# PTT Box



## dannyn (Oct 22, 2009)

Does anyone have a good schematic for building a push to talk box with xlr in and out?

Thank you.


----------



## mbenonis (Oct 23, 2009)

Not offhand, but I bet you could come up with one pretty quickly. Basically, I would recommend the switch be a DPDT switch, with the on terminal connecting the input to the output and the off terminal grounded to avoid pops and clicks. Give it a shot and see if it works!


----------



## Chris15 (Oct 23, 2009)

mbenonis said:


> Not offhand, but I bet you could come up with one pretty quickly. Basically, I would recommend the switch be a DPDT switch, with the on terminal connecting the input to the output and the off terminal grounded to avoid pops and clicks. Give it a shot and see if it works!

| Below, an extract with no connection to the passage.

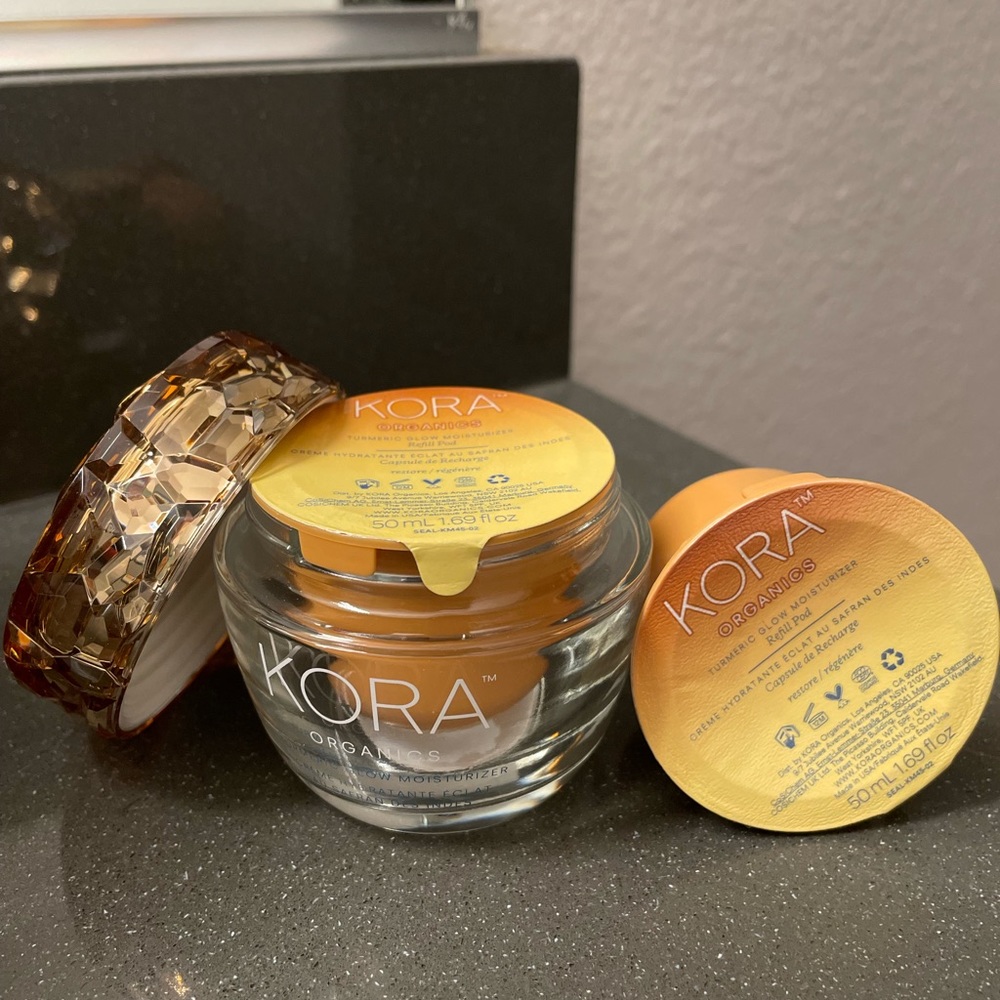 3 Cora moisturizer pods with one container.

Mike Mike Mike Mike Mike...
I'd have expected better of you.
If you are going to use Mike's approach you need to do some coupling workarounds to not go destroying things when phantom power comes into the mix... Namely a diode bypassing the switch and a decoupling cap on the output side of the switch, for each of the hot and cold legs...

Or use the easier approach. Loop the signal in and through. Insert switch between pin 2 & 3 (SPST switching is all that is needed). This shorts the signal so you get no audio (assuming the CMRR of the input is reasonable) but don't stuff up any phantom...


----------



## mbenonis (Oct 23, 2009)

I stand corrected...I felt a bit odd about my solution but I couldn't put my finger on it. Chris15's solution of tying pins 2 and 3 together is a MUCH better one and I highly recommend it.

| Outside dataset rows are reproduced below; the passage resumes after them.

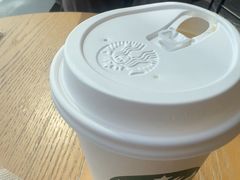 -星巴克臻选(盐城金鹰聚龙湖店)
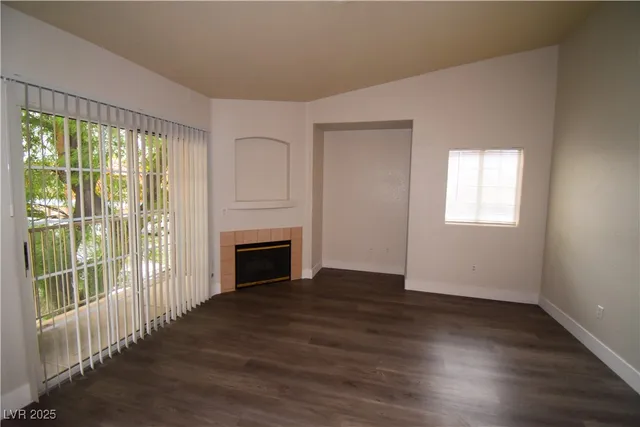 $1,350 | 4730 East Craig Road, Unit 2094, Las Vegas, NV 89115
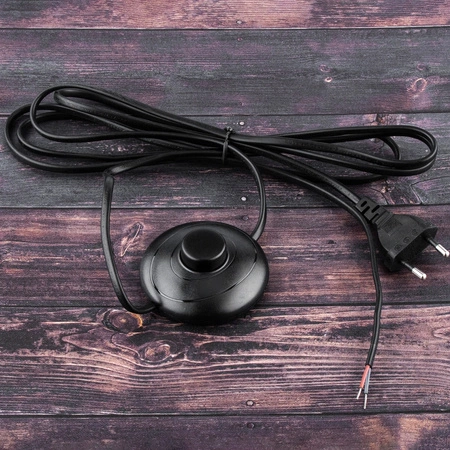 Nožní spínač s černým kabelem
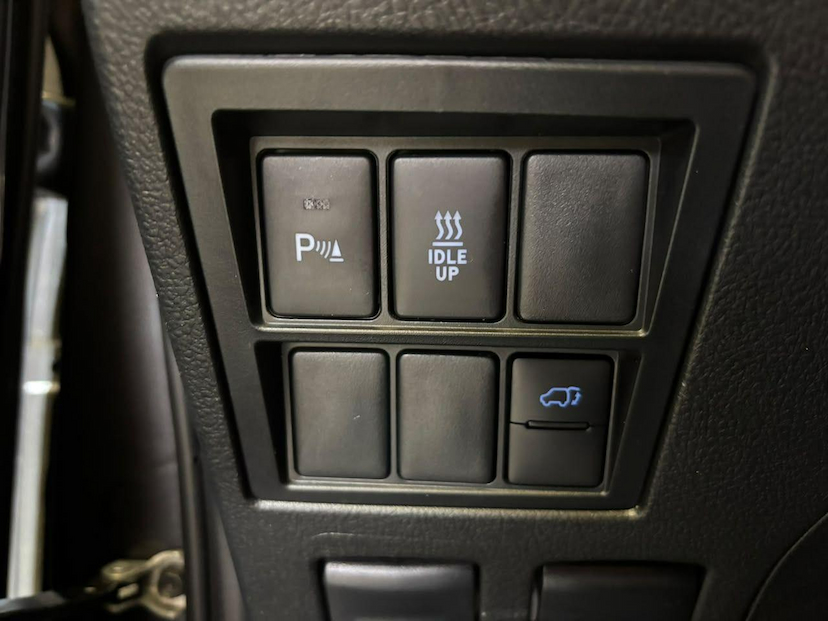 Foto do veículo TOYOTA HILUX  SW4 SRX 4X4 2.8 TB 4P DIESEL 2021 79.379 KM 269.900,00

Recall that a balanced input stage looks for a voltage difference *between* pins two and three, and amplifies it. Thus, by shorting the pins together, there is no ac differential and thus the signal is turned off. 

Thus, don't do what I suggested above!


----------



## dannyn (Oct 27, 2009)

Hello guys,
Thank you for the prompt responses. I forgot that this forum does not email you when you are posting in a thread, I need to go change my settings on that one. 

I will try that and see how that works.

Again thanks.


----------



## Chris15 (Oct 28, 2009)

Oops, just remembered... What I described is really a push to mute circuit, so if you are using a push button to achieve PTT, you need a normally closed switch...


----------



## Austel91 (Oct 28, 2012)

I was wondering if this diagram looks accurate. The box works fine but there are still some minor issues that I think have to do with the fact that I am using a poorly shielded cable. I used this PTT box with a 5 pin DMX cable and found that there was a lot of feed back/ or hum especially as the volume was turned up. I plan on re-making it with a better SPDT switch as well as with a 50 ft. 5 core wire. Any suggestions would be greatly appreciated.


----------



## bishopthomas (Oct 29, 2012)

How many do you need? If just one I would consider buying it. Here's what I have: Sennheiser MZTX 31 PTT NX - IS-Series Gooseneck MZTX31PTT NX B&H It also happens to double as a table top mic stand.


----------



## Austel91 (Oct 29, 2012)

I just need one to extend comm for the length of our jibb. I looked into buying one, but it is a lot cheaper to make and I am trying get more familiar with these types of home made alterations to intercom systems/pinouts. Thanks for the link, I will probably still shop around so I can have a back up if my time becomes more limited.


----------



## Austel91 (Nov 3, 2012)

Thanks for the help I made this one work. I just need the write shielding on the cable I was using. I was trying to make use of old cable and it was the wrong stuff. And it seems like stanton makes their control boxes that also have a talk button installed on them. My next project is to figure out how the camera is wired with regards to intercom and talk buttons and how they interact. 


Sent from my iPad using Tapatalk HD


----------



## Chris15 (Nov 3, 2012)

A few thoughts...
Shorting your mic to mute it may end badly.
SOME systems will provide a bias voltage on the mic pins to allow the use of electret microphones.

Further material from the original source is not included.